De volgende ochtend hoef ik de tent niet uit om te weten dat deze is opgeslokt door de mist. Terwijl ik de Bushbuddy weer opstook en het ontbijt klaarmaak, lost de mist zich maar beetje bij beetje op. Langzaam spreidt het meer zich voor mij uit en aan de overkant worden de toppen van de bomen reeds zichtbaar. Nadat ik vertrokken ben, raak ik even de grens van Töfsingdalen National Park aan bij een informatiebord. Even verderop maak ik nog een praatje met de Belgen en vervolgens begin ik zoetjes aan met de beklimming van Olåsen. De Noor die ik bij aanvang nog kort begroet, is de laatste menselijke ziel die ik de komende anderhalve dag zal zien. De wildernis begint.
Aanvankelijk is de klim een makkie.
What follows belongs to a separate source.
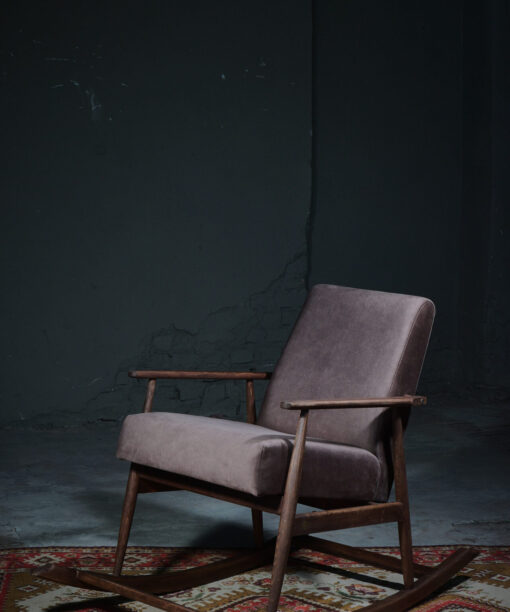 Крісло-качалка Бежеве rsr_chair0043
Een mooi pad meandert door een gemengd bos van naaldbomen en berken in volle herfstkleuren. Daartussen rode en felgroene kleuren van bessen en rendiermos. Het pad wordt ruiger zodra ik naar rechts afsla en Kungsleden verlaat. Regelmatig moet ik klauteren tussen de rotsblokken die het natuurgebied kenmerken. Even over het hoogste punt van de bergkam op Olåsen rust ik een momentje uit en geniet van het nieuwe uitzicht aan de andere kant van de berg. De reis gaat langzaam verder naar beneden en de vegetatie verandert. Het ruige pad verruilt zich voor een vriendelijk pad door een mooi berkenbos waar een kabbelend riviertje zich een weg naar het meer Töfsingen baant. Daarna keert het vertrouwde gemengde bos weer terug.
In dit mooie sprookjesbos van Slagufjället kom ik een oude Sami hut tegen. Het is een oude kåta, verbonden met een blokhut die er later aan is vastgebouwd. Op deze plek bevond zich vroeger een Sami dorp. Ik zet er mijn rugzak neer en daal een zijpad af naar het meer Töfsingen. De zon schittert prachtig in dit serene meer. Met mijn guksi schep ik wat kristalhelder water uit het meer en drink met aandacht het heerlijke vocht in het bijzijn van twee gigantische hopen berenpoep. Op de terugweg naar boven, raakt het pad zoek. Maar dat is niet erg, want nu zie ik de vage restanten van het Sami dorp en ik voel me innig en dankbaar verbonden met deze ontdekking.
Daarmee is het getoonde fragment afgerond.